Towards High-Performance, Privacy-Preserving AI Computing
State-of-the-Art Research & Applications
System for Machine Learning
Scalable and Efficient GNN Training for Large Graphs
Authors: Xinchen Wan, Kaiqiang Xu, Xudong Liao, Yilun Jin, Kai Chen, Xin Jin
We present G3, a distributed system that can efficiently train GNNs with near-linear scalability over billion-edge graphs. G3 introduces GNN hybrid parallelism to scale out GNN training by sharing intermediate results peer-to-peer in fine granularity. It leverages locality-aware iterative partitioning and multi-level pipeline scheduling to exploit acceleration opportunities.
Egeria: An Efficient DNN Training System with Knowledge-Guided Layer Freezing
Authors: Yiding Wang, Decang Sun, Fan Lai, Mosharaf Chowdhury, Kai Chen
We design Egeria, a knowledge-guided DNN training system that employs semantic knowledge from a reference model to accurately evaluate individual layer's training plasticity and safely freeze the converged ones, saving their corresponding backward computation and communication.
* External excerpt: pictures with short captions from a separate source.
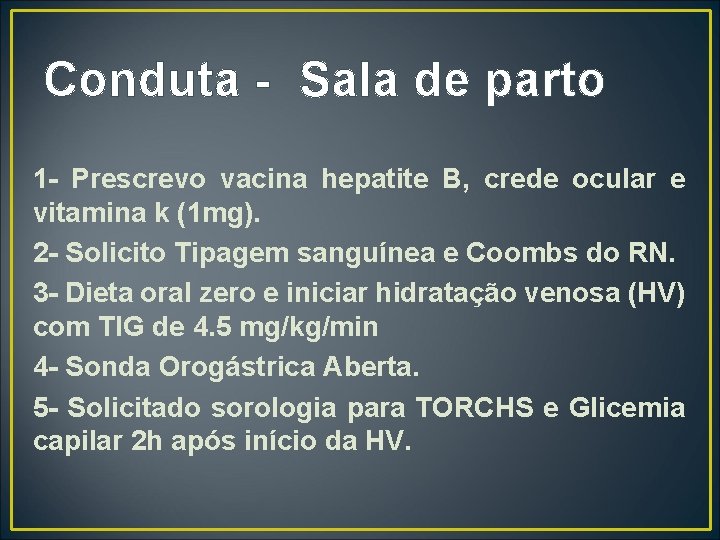 Conduta - Sala de parto 1 - Prescrevo vacina hepatite B, crede ocular e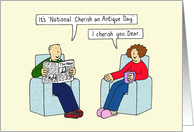 National Cherish An Antique Day April 9th Relationship Humor Cartoon card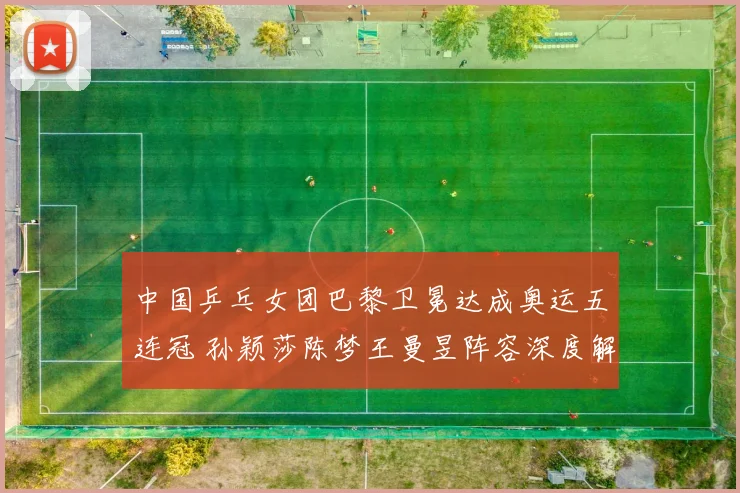 中国乒乓女团巴黎卫冕达成奥运五连冠 孙颖莎陈梦王曼昱阵容深度解析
Our reference model is generated on the fly using quantization techniques and runs forward operations asynchronously on available CPUs to minimize the overhead.
Privacy-Preserving Computing
Sphinx: Enabling Privacy-Preserving Online Learning over the Cloud
Authors: Han Tian, Chaoliang Zeng, Zhenghang Ren, Di Chai, Kai Chen, Qiang Yang
We present Sphinx, a privacy-preserving online learning system that strikes a balance between model performance, computational efficiency, and privacy preservation. At its core, Sphinx combines homomorphic encryption and differential privacy reciprocally to maintain the model with most of its parameters as plaintexts, enabling fast training and inference protocol designs.
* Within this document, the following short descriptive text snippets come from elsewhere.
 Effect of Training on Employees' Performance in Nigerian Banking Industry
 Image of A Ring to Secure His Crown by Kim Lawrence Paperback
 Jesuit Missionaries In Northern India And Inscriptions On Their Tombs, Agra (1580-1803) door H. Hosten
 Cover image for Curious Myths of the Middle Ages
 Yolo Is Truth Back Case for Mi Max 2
FedEval: A Benchmark System with a Comprehensive Evaluation Model for Federated Learning
Authors: Di Chai, Leye Wang, Junxue Zhang, Kai Chen, Qiang Yang
We propose a comprehensive evaluation framework for FL systems. Specifically, we first introduce the PRACT model, which defines five metrics that cannot be excluded from FL evaluation, including Privacy, Robustness, Accuracy, Communication, and Time efficiency. Then we design and implement a benchmarking system called FedEval, which enables the systematic evaluation and comparison of existing works under consistent experimental conditions.
Network for Machine Learning
Domain-Specific Communication Optimization for Distributed DNN Training
Authors: Hao Wang, Jingrong Chen, Xinchen Wan, Han Tian, Jiacheng Xia, Gaoxiong Zeng, Kai Chen, Wei Bai, Junchen Jiang
We present DLCP, a network substrate that speeds up DNN training by fully embracing several unique characteristics of deep learning. Compared to prior work in this space, DLCP integrates three simple-yet-effective techniques to form a multi-layered protection against long tail latency caused by transient packet drops and queueing.